▶ _EXERCISE_
Transcribe the data verbatim and drop its images.

--- ENTRIES PROVIDED ---

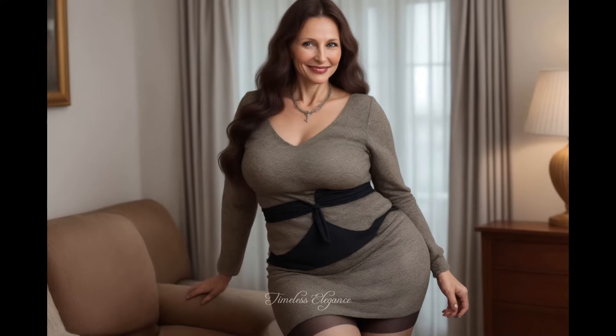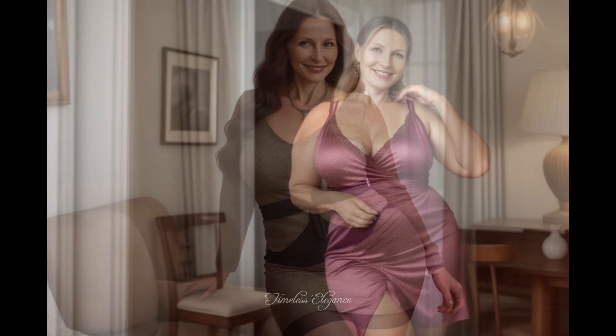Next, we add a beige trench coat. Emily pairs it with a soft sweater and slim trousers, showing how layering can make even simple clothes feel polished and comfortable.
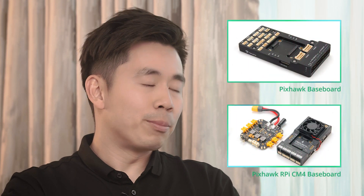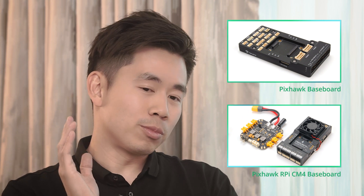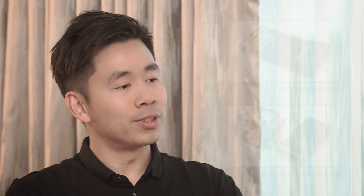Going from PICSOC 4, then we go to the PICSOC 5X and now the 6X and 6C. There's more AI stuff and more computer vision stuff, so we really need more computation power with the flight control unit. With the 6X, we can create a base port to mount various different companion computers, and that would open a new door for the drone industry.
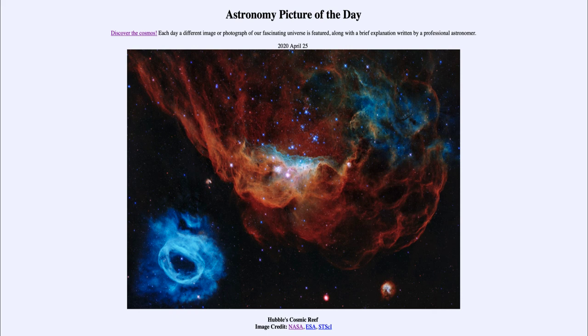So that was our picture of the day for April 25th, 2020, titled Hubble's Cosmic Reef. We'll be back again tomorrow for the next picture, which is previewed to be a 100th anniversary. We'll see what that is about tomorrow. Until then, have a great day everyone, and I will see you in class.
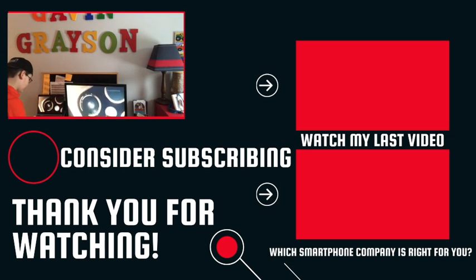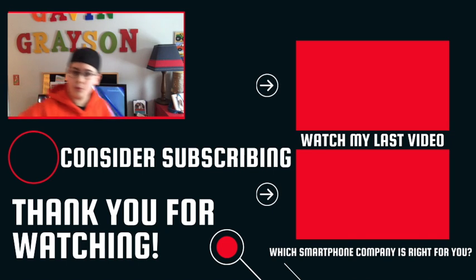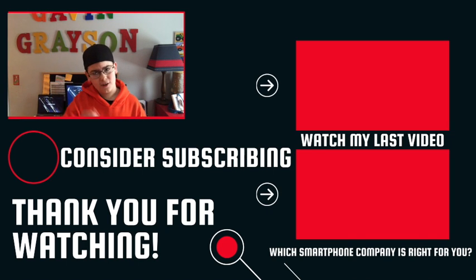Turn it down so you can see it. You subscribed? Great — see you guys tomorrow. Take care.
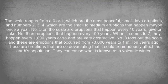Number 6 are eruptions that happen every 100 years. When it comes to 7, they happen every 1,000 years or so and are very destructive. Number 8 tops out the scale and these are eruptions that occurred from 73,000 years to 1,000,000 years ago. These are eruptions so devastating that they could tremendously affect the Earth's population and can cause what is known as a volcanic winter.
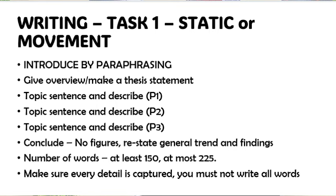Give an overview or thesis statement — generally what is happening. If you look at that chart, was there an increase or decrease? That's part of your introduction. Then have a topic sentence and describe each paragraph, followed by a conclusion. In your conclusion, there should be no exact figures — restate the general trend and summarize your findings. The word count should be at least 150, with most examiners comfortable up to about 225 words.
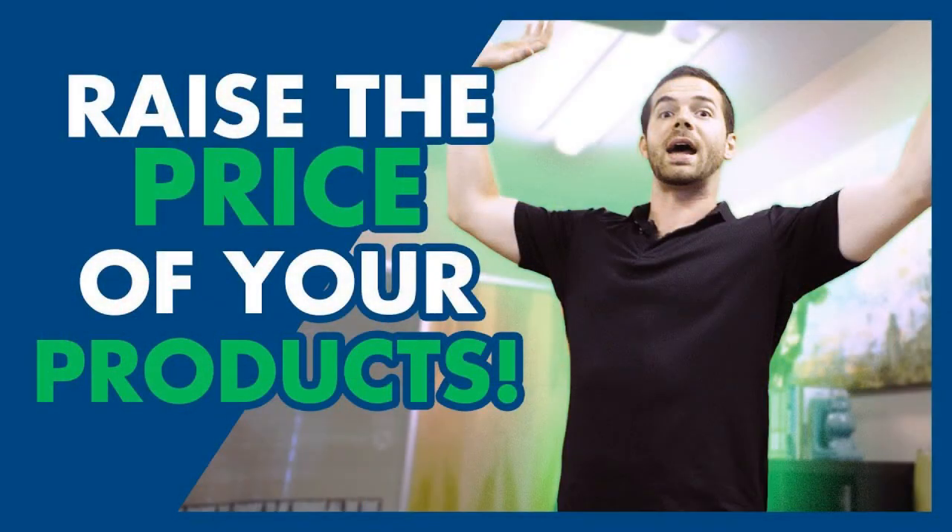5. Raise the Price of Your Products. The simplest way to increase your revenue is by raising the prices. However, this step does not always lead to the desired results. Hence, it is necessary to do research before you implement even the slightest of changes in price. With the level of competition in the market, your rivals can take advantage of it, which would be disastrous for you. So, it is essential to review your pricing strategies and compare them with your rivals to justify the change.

---

▶ _EXERCISE RESPONSE_
Next, we add a beige trench coat. Emily pairs it with a soft sweater and slim trousers, showing how layering can make even simple clothes feel polished and comfortable.
Going from PICSOC 4, then we go to the PICSOC 5X and now the 6X and 6C. There's more AI stuff and more computer vision stuff, so we really need more computation power with the flight control unit. With the 6X, we can create a base port to mount various different companion computers, and that would open a new door for the drone industry.
So that was our picture of the day for April 25th, 2020, titled Hubble's Cosmic Reef. We'll be back again tomorrow for the next picture, which is previewed to be a 100th anniversary. We'll see what that is about tomorrow. Until then, have a great day everyone, and I will see you in class.
Turn it down so you can see it. You subscribed? Great — see you guys tomorrow. Take care.
Number 6 are eruptions that happen every 100 years. When it comes to 7, they happen every 1,000 years or so and are very destructive. Number 8 tops out the scale and these are eruptions that occurred from 73,000 years to 1,000,000 years ago. These are eruptions so devastating that they could tremendously affect the Earth's population and can cause what is known as a volcanic winter.
Give an overview or thesis statement — generally what is happening. If you look at that chart, was there an increase or decrease? That's part of your introduction. Then have a topic sentence and describe each paragraph, followed by a conclusion. In your conclusion, there should be no exact figures — restate the general trend and summarize your findings. The word count should be at least 150, with most examiners comfortable up to about 225 words.
5. Raise the Price of Your Products. The simplest way to increase your revenue is by raising the prices. However, this step does not always lead to the desired results. Hence, it is necessary to do research before you implement even the slightest of changes in price. With the level of competition in the market, your rivals can take advantage of it, which would be disastrous for you. So, it is essential to review your pricing strategies and compare them with your rivals to justify the change.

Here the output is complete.